# Cubic equation

1. Aug 6, 2012

### Michael_Light

1. The problem statement, all variables and given/known data

If a cubic equation, f(x) has a factor of (3+√2), then the conjugate of the factor, (3-√2) is also a factor for f(x).

2. Relevant equations

3. The attempt at a solution

Just to confirm is that statement correct? I read it else where but i not sure is it correct or wrong, if yes, can anyone explain why? Thanks..

2. Aug 6, 2012

### voko

A factor would be something of the form (x - a), where a is a root. You have number. Please clarify what you mean.

3. Aug 6, 2012

### Michael_Light

Sorry.. i mean root.. not factor.. so is this statement correct then?

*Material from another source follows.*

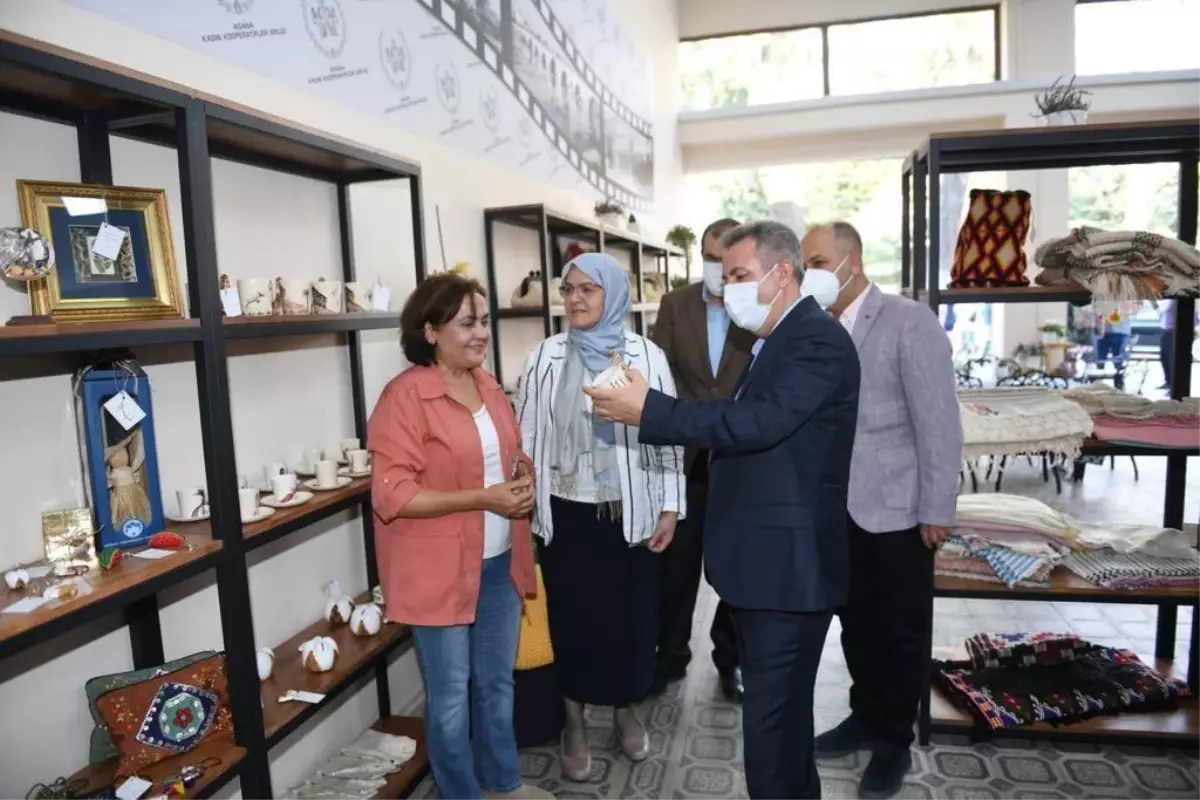 Adana Valisi Elban, el emeği ürünlerin satıldığı mağazayı ziyaret etti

If a cubic equation, f(x) has a root of (3+√2), then the conjugate of the root, (3-√2) is also a root for f(x).

4. Aug 6, 2012

### voko

Only complex roots are conjugate. Your root is not complex, so it cannot have a conjugate in the strict sense of the word (i.e, the one whose imaginary part has an opposite sign), nor can it have a "conjugate" in the sense you are using it.

Consider x3 = (3+√2)3. Then (3+√2) is its only root (more technically, it has three identical roots).

5. Aug 6, 2012

### Curious3141

Not true in general.

It is true, however, if the following conditions are met:

1) Your cubic has rational coefficients.

2) It has 3 real roots.

3) One root is rational.

If those conditions are met, then the other two real roots will either both be rational, or conjugate surds (Technically, the other roots will be algebraic numbers of degree $\leq 2$).

6. Aug 6, 2012

### Mentallic

If the cubic equation has a rational constant term, then you know that there exists another root that must rationalize that root of $3+\sqrt{2}$ because when we multiply all the roots together, we will get the constant term of the cubic equation.

So if for example we have a general cubic

$$ax^3+bx^2+cx+d=0$$ where d is rational, another form of the cubic will be

$$a(x-\alpha)(x-\beta)(x-\gamma)=0$$ where $\alpha, \beta,\gamma$ are the roots of the cubic. So the constant term, d, must be equal to the constant term of the factored cubic, hence
$$a(-\alpha)(-\beta)(-\gamma)=-a\alpha\beta\gamma=d$$
And since $\alpha = 3+\sqrt{2}$ then
$$-(3+\sqrt{2})\beta\gamma=d$$

Now from this we can see that for this expression to be equal to a rational constant d, $\beta\gamma$ must be irrational such that it can cancel the $3+\sqrt{2}$ factor. Now if we assume that one of the roots is rational, then the other root must be of the form $c(3-\sqrt{2})$ for some constant c. However, if we don't make that assumption, then the only condition we need is to satisfy $\beta\gamma = 3-\sqrt{2}$ which there are an infinite number of combinations for.

For example,
$$\beta = \gamma = \sqrt{3-\sqrt{2}}$$
$$\beta = \sqrt{2}, \gamma = \frac{3\sqrt{2}}{2}-2$$

etc.